─── Data shown

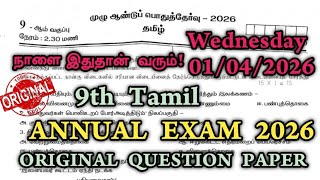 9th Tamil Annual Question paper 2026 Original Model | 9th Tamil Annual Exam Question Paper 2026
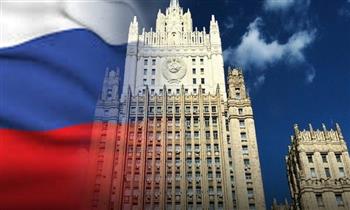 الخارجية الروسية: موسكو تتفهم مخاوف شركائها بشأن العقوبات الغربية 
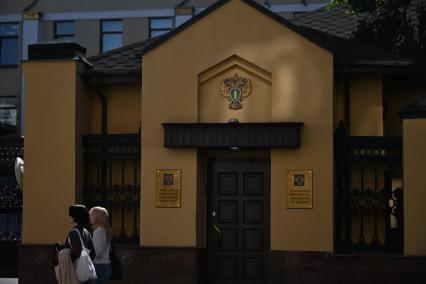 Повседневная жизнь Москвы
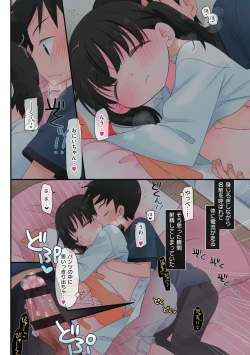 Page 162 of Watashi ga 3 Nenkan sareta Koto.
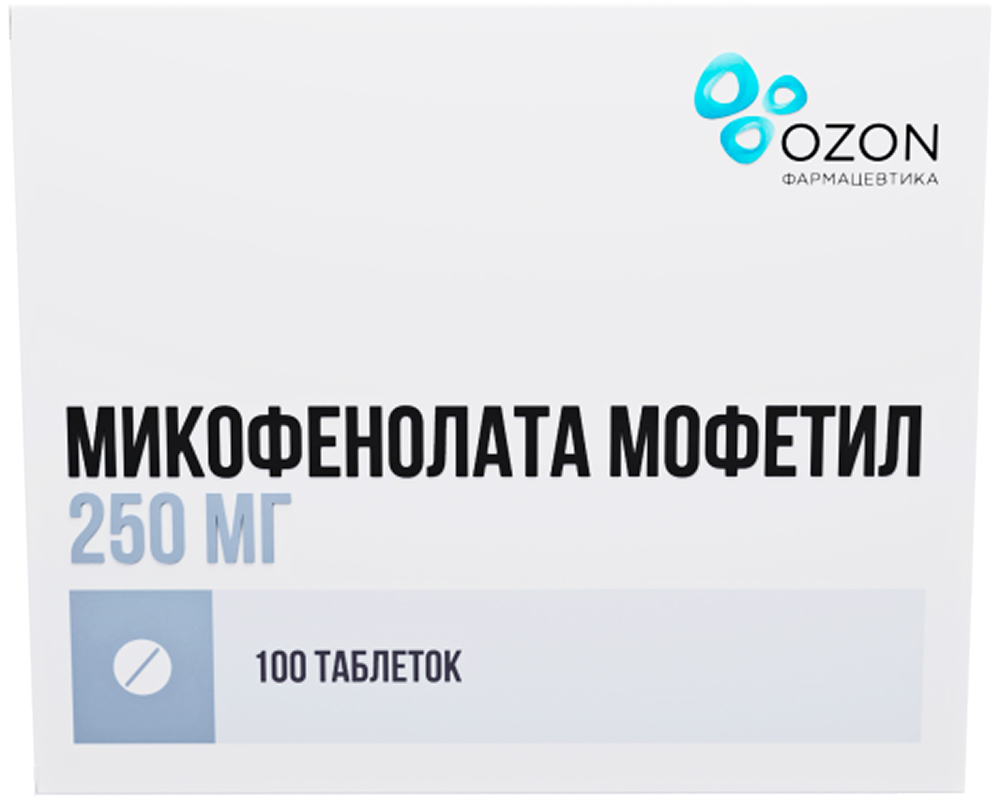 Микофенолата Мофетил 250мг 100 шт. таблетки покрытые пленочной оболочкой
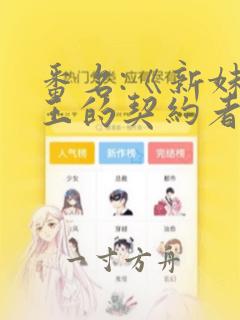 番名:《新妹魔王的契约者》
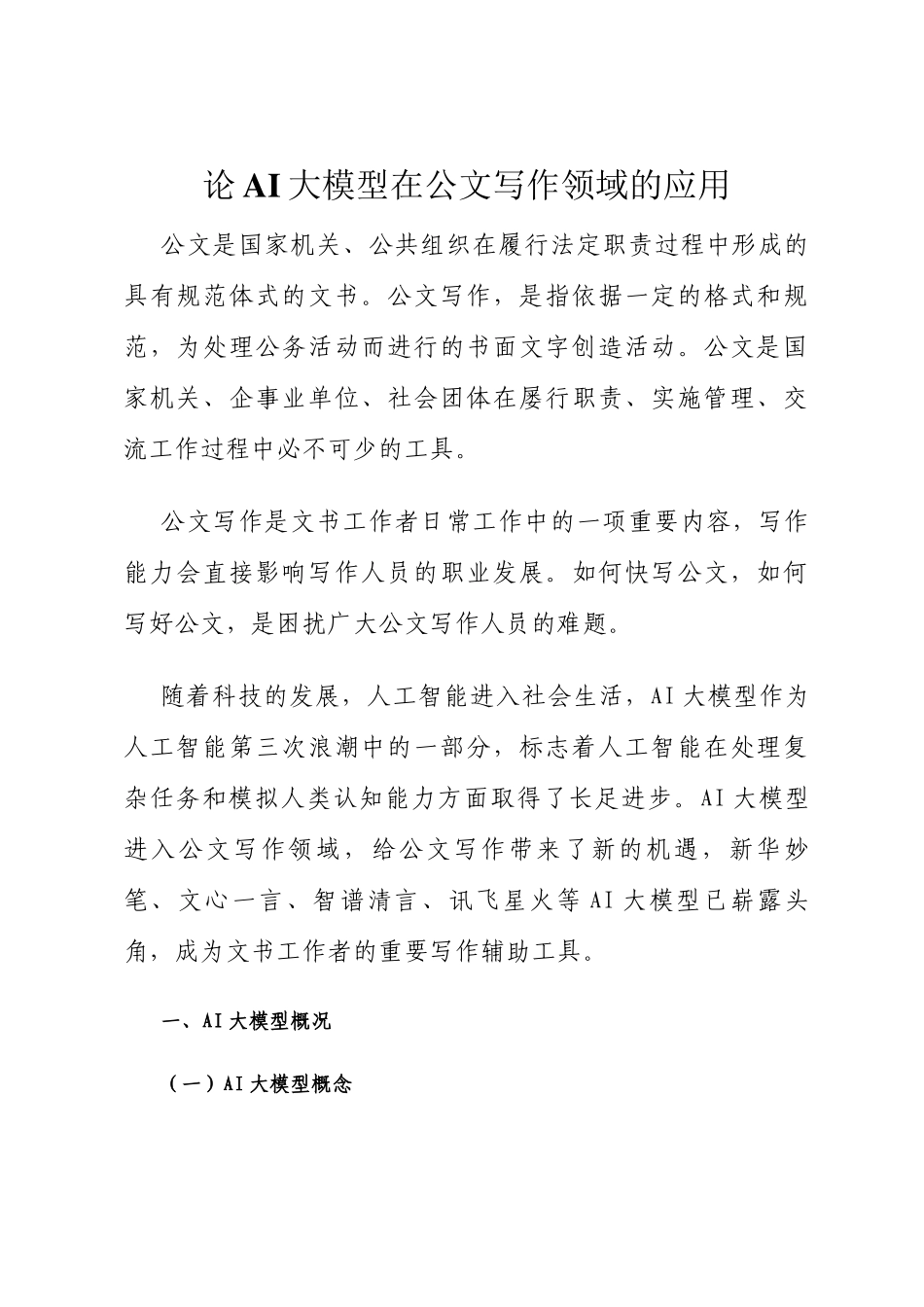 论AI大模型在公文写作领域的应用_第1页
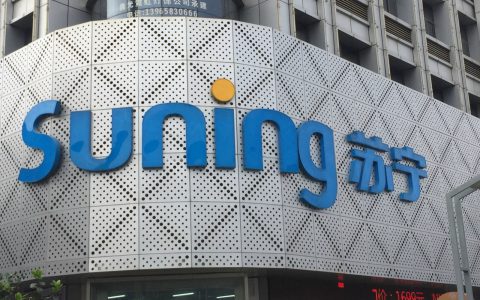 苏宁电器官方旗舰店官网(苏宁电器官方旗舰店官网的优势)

──────

• What this task involves
The records above should be reproduced exactly, with no pictures included.

• Task solution
 9th Tamil Annual Question paper 2026 Original Model | 9th Tamil Annual Exam Question Paper 2026
 الخارجية الروسية: موسكو تتفهم مخاوف شركائها بشأن العقوبات الغربية 
 Повседневная жизнь Москвы
 Page 162 of Watashi ga 3 Nenkan sareta Koto.
 Микофенолата Мофетил 250мг 100 шт. таблетки покрытые пленочной оболочкой
 番名:《新妹魔王的契约者》
 论AI大模型在公文写作领域的应用_第1页
 苏宁电器官方旗舰店官网(苏宁电器官方旗舰店官网的优势)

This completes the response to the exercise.